From: Jordan_Hargrave
Date: Fri Feb 19 2016 - 14:44:36 EST


>On 02/19/2016 03:07 PM, Jordan Hargrave wrote:
>> On Fri, Feb 19, 2016 at 4:00 AM, Hannes Reinecke <hare@xxxxxxx> wrote:
>>>
>>> On 02/18/2016 09:04 PM, Jordan Hargrave wrote:
>>>> The VPD-R is a readonly area of the PCI Vital Product Data region.
>>>> There are some standard keywords for serial number, manufacturer,
>>>> and vendor-specific values. Dell Servers use a vendor-specific
>>>> tag to store number of ports and port mapping of partitioned NICs.
>>>>
>>>> info = VPD-Info string
>>>> PN = Part Number
>>>> SN = Serial Number
>>>> MN = Manufacturer ID
>>>> Vx = Vendor-specific (x=0..9 A..Z)
>>>>
>>>> This creates a sysfs subdirectory in the pci device: vpdattr with
>>>> 'info', 'EC', 'SN', 'V0', etc. files containing the tag values.
>>>>
>>>> Signed-off-by: Jordan Hargrave <Jordan_Hargrave@xxxxxxxx>
>>> Hmm. Can we first get an agreement on the PCI VPD parsing patches
>>> I've posted earlier?
>>> VPD parsing is really tricky, and we should aim on making the
>>> read_vpd function robust enough before we begin putting things into
>>> sysfs.
>>>
>>> Also, I'm not utterly keen on this patchset.
>>> The sysfs space is blown up with tiny pieces of information, which
>>> can easily gotten via lspci, too.
>>>
>>> Also, to my knowledge it's perfectly valid to _write_ to the VPD, in
>>> which case the entire sysfs attribute setup would be invalided.
>>> How do you propose to handle that?
>>>
>>
>> This patch only reads the attributes from VPD-I and VPD-R areas, not
>> the VPD-W (read write) area.
>> The VPD-W data is located after the VPD-I and VPD-R area So nothing
>> in these attributes should change.
>>
>Ah.
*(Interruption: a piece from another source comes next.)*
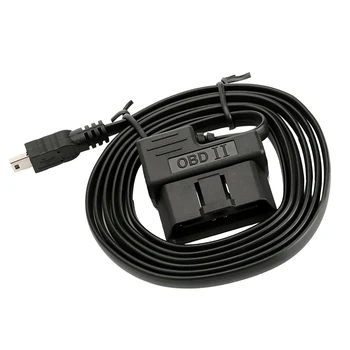 1,8 m OBD II, OBD 2 16 Pin Mini USB Kabelį Automobilių HUD Head up Display OBD2 Connection Cable automobilių Galva Dispaly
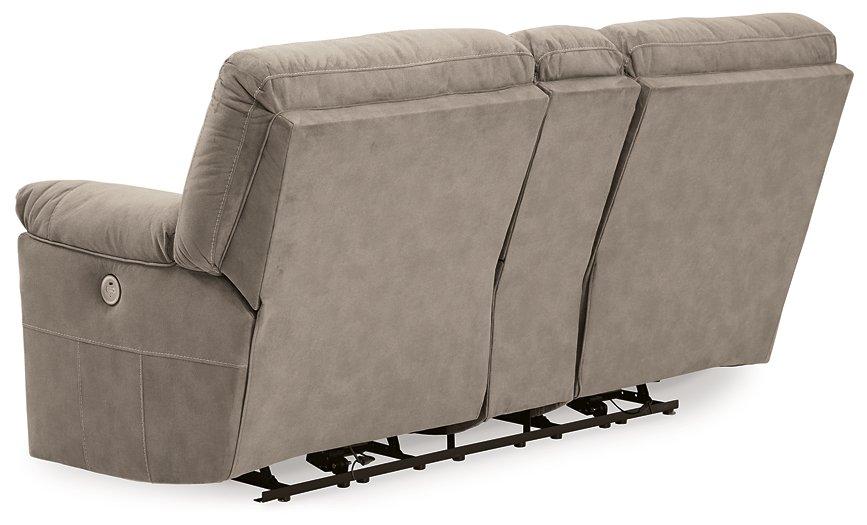 Cavalcade Power Reclining Loveseat with Console - Luxury Home Furniture (MI)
Ok.
>
>> The main reason I want this is for replacing biosdevname (ethernet
>> naming) functionality and getting the same functionality into the
>> kernel and systemd. Systemd doesn't want to do vpd parsing, and
>> reading the vpd can take a very long time on some devices, causing
>> systemd to timeout. Another disadvantage of it being in userspace
>> is for devices using SR-IOV. In those devices the vpd only
>> exists for the physfn devices but not the virtual devices. A
>> userspace program device will have to read the entire VPD for
>> each physical and virtual PCI device.
>>
>> Logic is something like this:
>> if (open("/sys/bus/pci/devices/X/physfn/vpd", O_RDONLY) < 0)
>> if (open("/sys/bus/pci/devices/X/vpd", O_RDONLY) < 0)
>> return;
>> }
>> parsevpd(fd);
>>
>> Specifically it is parsing one of the Vx attributes for a 'DCM' or
>> 'DC2' string that contain a mapping from
>> NIC ports and partitions to PCI device
>>
>Well, unfortunately you just gave a very good reason to _not_
>include this into the kernel:

The delay isn't a huge amount on any of the devices I've seen. The
Mellanox cards I have are the slowest. Here's some timing tests I've done,
using this patch vs a readvpd utility. I also compared it with lspci.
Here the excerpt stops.